In this lab, you'll practice SQL queries using Polars' built-in SQL functionality. Complete each exercise by writing the appropriate SQL query.

In [None]:
# Setup - Run this cell first
import polars as pl

# Load data
airlines = pl.read_csv('data/nyc_airlines.csv')
airports = pl.read_csv('data/nyc_airports.csv')
flights = pl.read_csv('data/nyc_flights.csv')
planes = pl.read_csv('data/nyc_planes.csv')
weather = pl.read_csv('data/nyc_weather.csv')

# Create SQL context
ctx = pl.SQLContext(
    airlines=airlines,
    airports=airports,
    flights=flights,
    planes=planes,
    weather=weather,
    eager_execution=True
)

print("Setup complete! Tables available:")
print(ctx.execute("SHOW TABLES"))

## Exercise 1: Basic Queries

### 1.1 Find all unique carriers in the airlines table

In [None]:
# Write your SQL query here
result = ctx.execute("""
-- Your query here
""")

# print(result)

### 1.2 Find the top 10 destinations by number of flights

In [None]:
# Write your SQL query here
result = ctx.execute("""
-- Your query here
""")

# print(result)

### 1.3 Find all flights that departed more than 2 hours late (120 minutes)

In [None]:
# Write your SQL query here
result = ctx.execute("""
-- Your query here
""")

# print(result)

## Exercise 2: Aggregation

### 2.1 Calculate the average departure delay for each origin airport

In [None]:
# Write your SQL query here
result = ctx.execute("""
-- Your query here
""")

# print(result)

### 2.2 Find the busiest month of the year

Count the number of flights per month and find which month has the most flights.

In [None]:
# First, let's check what columns are available
result = ctx.execute("""
    SELECT *
    FROM flights
    LIMIT 5
""")
# print(result)

# Now write your query to find busiest month
result = ctx.execute("""
-- Your query here
""")

# print(result)

### 2.3 Calculate the on-time performance rate for each carrier

Consider a flight on-time if the departure delay is <= 15 minutes.

In [None]:
# Write your SQL query here
result = ctx.execute("""
-- Your query here
""")

# print(result)

## Exercise 3: Joins

### 3.1 List all flights with their airline names (not just carrier codes)

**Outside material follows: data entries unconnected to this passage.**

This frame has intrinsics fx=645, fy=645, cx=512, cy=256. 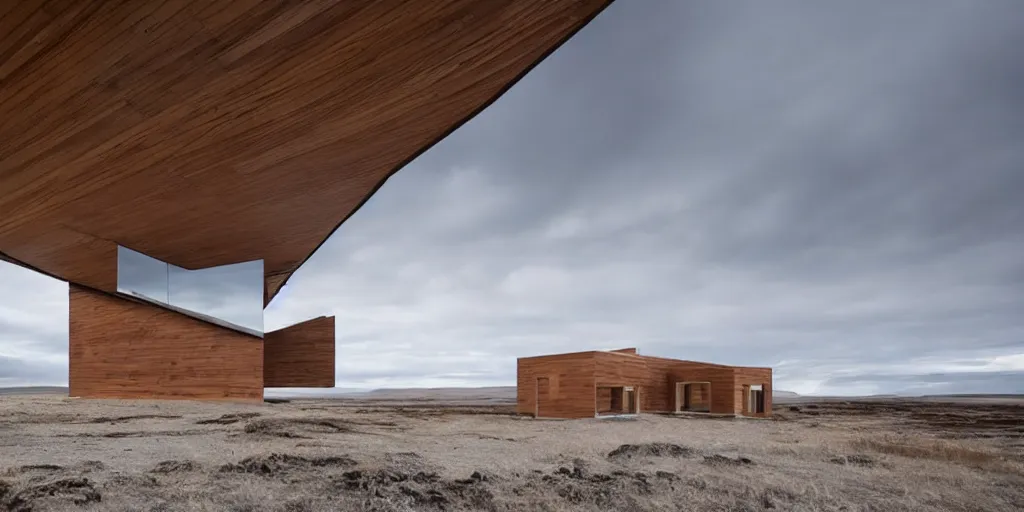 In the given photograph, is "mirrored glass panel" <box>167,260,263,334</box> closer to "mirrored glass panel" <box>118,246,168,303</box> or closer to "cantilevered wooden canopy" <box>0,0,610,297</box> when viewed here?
"mirrored glass panel" <box>118,246,168,303</box>

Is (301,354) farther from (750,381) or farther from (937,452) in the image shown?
(937,452)

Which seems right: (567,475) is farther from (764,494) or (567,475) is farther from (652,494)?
(764,494)

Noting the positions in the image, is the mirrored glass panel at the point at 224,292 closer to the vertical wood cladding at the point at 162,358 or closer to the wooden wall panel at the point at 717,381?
the vertical wood cladding at the point at 162,358

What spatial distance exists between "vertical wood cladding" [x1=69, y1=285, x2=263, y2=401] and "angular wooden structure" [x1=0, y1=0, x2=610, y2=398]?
3.01 meters

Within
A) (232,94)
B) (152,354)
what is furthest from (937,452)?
(152,354)

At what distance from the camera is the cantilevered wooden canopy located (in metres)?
5.54

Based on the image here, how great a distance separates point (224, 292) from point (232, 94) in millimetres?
10522

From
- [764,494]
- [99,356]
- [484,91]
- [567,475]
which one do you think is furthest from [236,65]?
[99,356]

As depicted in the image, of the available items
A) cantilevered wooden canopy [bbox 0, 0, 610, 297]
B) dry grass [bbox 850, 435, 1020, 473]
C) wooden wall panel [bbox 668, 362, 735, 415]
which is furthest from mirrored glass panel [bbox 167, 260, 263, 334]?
dry grass [bbox 850, 435, 1020, 473]

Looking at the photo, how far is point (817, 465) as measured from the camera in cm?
755

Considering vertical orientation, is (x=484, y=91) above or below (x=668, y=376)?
above

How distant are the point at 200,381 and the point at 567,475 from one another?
41.2ft

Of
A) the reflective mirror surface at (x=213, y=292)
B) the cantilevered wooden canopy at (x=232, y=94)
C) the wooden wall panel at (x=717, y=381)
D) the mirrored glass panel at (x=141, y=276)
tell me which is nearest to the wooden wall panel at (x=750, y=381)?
the wooden wall panel at (x=717, y=381)

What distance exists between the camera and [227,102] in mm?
7102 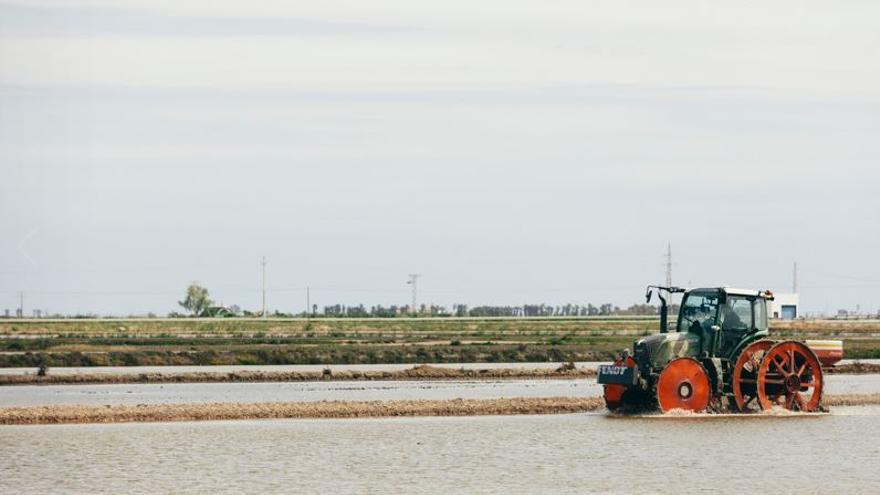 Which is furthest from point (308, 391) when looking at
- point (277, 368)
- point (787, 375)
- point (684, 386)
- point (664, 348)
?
point (277, 368)

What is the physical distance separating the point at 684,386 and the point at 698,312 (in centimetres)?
209

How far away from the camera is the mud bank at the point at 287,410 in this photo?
1368 inches

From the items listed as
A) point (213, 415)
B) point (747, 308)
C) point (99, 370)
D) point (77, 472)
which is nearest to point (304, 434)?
point (213, 415)

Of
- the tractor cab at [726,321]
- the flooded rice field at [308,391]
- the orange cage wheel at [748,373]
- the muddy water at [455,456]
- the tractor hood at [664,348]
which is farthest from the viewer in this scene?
the flooded rice field at [308,391]

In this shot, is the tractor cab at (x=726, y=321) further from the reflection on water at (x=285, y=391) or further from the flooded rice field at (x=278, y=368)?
the flooded rice field at (x=278, y=368)

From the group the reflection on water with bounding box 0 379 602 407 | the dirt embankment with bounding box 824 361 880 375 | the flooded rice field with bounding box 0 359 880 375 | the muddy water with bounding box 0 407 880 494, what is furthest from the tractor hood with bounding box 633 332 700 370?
the flooded rice field with bounding box 0 359 880 375

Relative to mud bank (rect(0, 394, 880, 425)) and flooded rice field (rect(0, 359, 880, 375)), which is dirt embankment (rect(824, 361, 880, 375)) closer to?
flooded rice field (rect(0, 359, 880, 375))

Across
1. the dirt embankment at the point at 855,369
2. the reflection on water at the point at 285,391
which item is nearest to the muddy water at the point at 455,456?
the reflection on water at the point at 285,391

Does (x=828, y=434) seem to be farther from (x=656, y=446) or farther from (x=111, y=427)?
(x=111, y=427)

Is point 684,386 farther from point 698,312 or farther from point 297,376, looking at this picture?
point 297,376

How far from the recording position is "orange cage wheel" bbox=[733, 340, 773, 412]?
3428cm

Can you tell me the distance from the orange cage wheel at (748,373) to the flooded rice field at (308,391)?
29.9ft

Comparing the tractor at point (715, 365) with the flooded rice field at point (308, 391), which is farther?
the flooded rice field at point (308, 391)

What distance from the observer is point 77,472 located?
26.4m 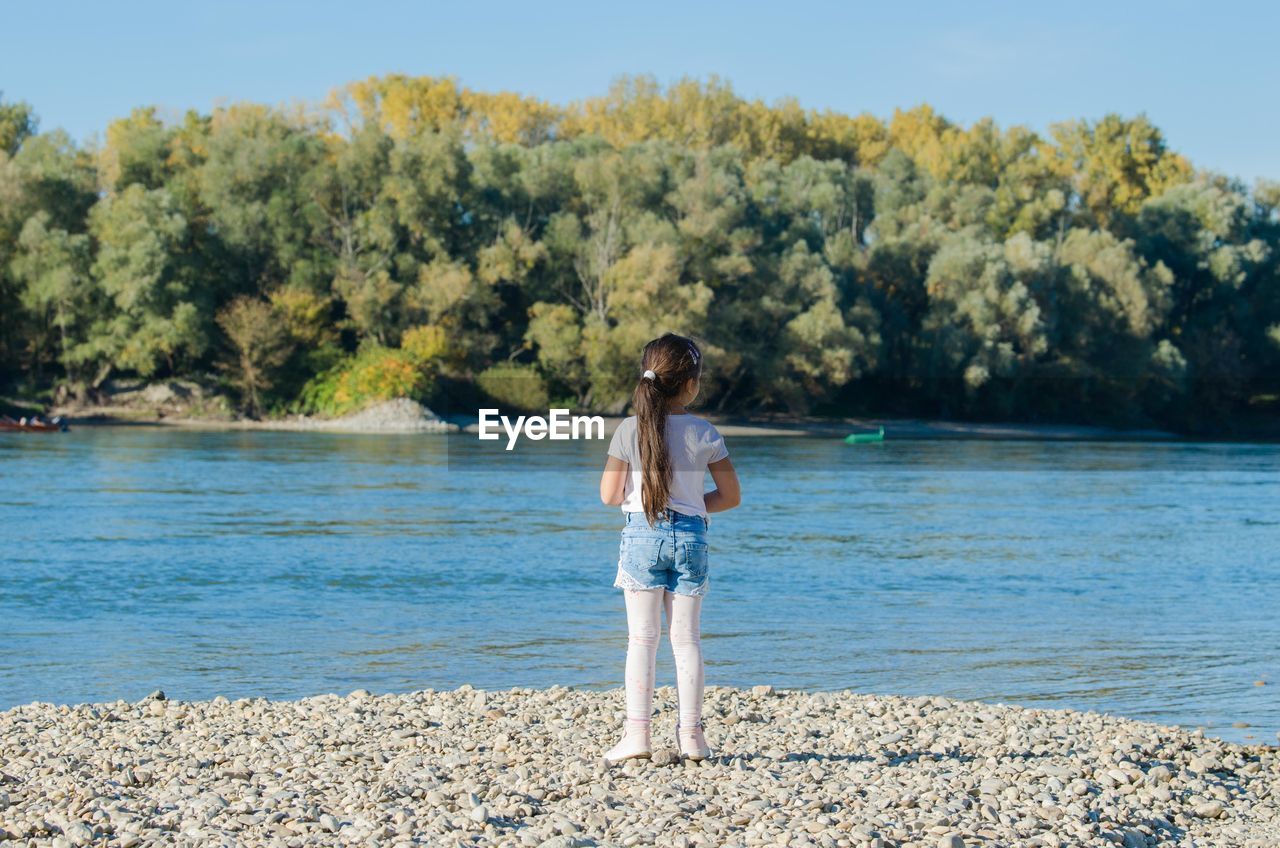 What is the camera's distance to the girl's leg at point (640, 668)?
25.7 ft

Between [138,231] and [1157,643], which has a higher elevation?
[138,231]

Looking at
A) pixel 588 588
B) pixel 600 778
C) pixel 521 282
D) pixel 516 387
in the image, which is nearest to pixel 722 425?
pixel 516 387

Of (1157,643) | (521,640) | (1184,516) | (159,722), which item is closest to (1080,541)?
(1184,516)

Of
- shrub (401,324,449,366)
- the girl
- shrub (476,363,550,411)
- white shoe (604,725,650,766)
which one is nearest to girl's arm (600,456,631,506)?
the girl

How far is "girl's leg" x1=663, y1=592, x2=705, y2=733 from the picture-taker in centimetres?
780

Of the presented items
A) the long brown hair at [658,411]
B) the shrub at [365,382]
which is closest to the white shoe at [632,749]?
the long brown hair at [658,411]

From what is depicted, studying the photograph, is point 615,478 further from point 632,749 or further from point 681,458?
point 632,749

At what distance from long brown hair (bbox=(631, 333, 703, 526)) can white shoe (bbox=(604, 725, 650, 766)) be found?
3.83 feet

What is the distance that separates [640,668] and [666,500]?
924 millimetres

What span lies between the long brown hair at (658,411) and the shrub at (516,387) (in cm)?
6099

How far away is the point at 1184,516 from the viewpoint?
31750 millimetres

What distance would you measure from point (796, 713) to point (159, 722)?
4.13 m

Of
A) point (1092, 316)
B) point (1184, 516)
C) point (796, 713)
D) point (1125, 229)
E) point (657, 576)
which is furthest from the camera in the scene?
point (1125, 229)

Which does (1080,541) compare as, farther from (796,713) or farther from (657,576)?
(657,576)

Show the first 20 flights with carrier code, airline name, flight number, origin, and destination.

In [None]:
# Write your SQL query here
result = ctx.execute("""
-- Your query here
""")

# print(result)

### 3.2 Find the average age of planes for each carrier

Hint: The planes table has a `year` column for manufacture year. Calculate age based on 2013.

In [None]:
# Write your SQL query here
result = ctx.execute("""
-- Your query here
""")

# print(result)

### 3.3 Find flights that experienced both departure delays and bad weather

Join flights with weather data and find flights where departure delay > 30 minutes and either wind_speed > 20 or precip > 0.1

In [None]:
# First, explore the weather table structure
result = ctx.execute("""
    SELECT *
    FROM weather
    LIMIT 5
""")
# print(result)

# Now write your join query
result = ctx.execute("""
-- Your query here
""")

# print(result)

## Exercise 4: Advanced Queries

### 4.1 Find the most popular aircraft types (by number of flights)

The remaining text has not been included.